Apache NiFi: Mapping a csv with multiple columns to create new rows


I found a similar question on stack overflow. This approach worked fine with just a couple of columns But I realised this method is not possible for csv's with a large number of Columns.

I have a csv with 75 columns. I decided to follow this approach (Same link as mentioned above). As asked to do in that question. I added the UpdateRecord processor and added the CSVReader and CSVWriter. Then as told I entered my SchemaText. Which was pretty long as it required me to define the entire 70 columns. Then CSVRecordSetWriter was told to be invalid.

I realised after a certain number of column definitions I included in the schema it became invalid.

Part of my schema looks like this:

{
   "type":"record",
   "name":"test2.csv",
   "namespace":"my.namespace",
   "fields":[
      {
         "name":"download",
         "type":"string"
      },
      {
         "name":"upload",
         "type":"string"
      }
      .
      .
      .
      .
      {
         "name":"operatorId",
         "type":"string"
      },
      {
         "name":"errorCode",
         "type":"string"
      }      
   ]
}

Also my csv contains headers.

Objective: I need to map the data in the errorCode Column to a new column named errorMean. Hope you can suggest a method I can achieve this. Fell free to give a solution which can even completely skip the process of writing down the Schema Text.


Solution

  • I found a similar question on stack overflow. This approach worked fine with just a couple of columns But I realised this method is not possible for csv's with a large number of Columns.

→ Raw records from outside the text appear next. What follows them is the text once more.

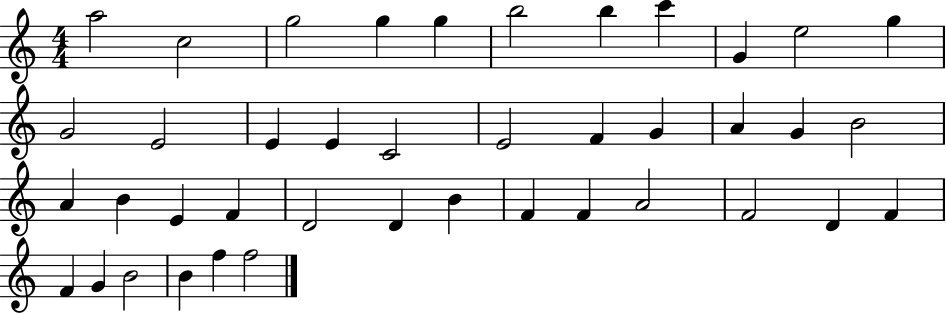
X:1
T:Untitled
M:4/4
L:1/4
K:C
a2 c2 g2 g g b2 b c' G e2 g G2 E2 E E C2 E2 F G A G B2 A B E F D2 D B F F A2 F2 D F F G B2 B f f2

    To avoid providing a very large schema, you set the CSVReader's Schema Access Strategy to Infer Schema and CSVRecordSetWriter's Schema Access Strategy to Inherit Record Schema. So when the CSV is read, the schema will be inferred. The same schema will then be used to write the CSV.

    enter image description here

    The rest of the mapping works the same as described in the answer you linked.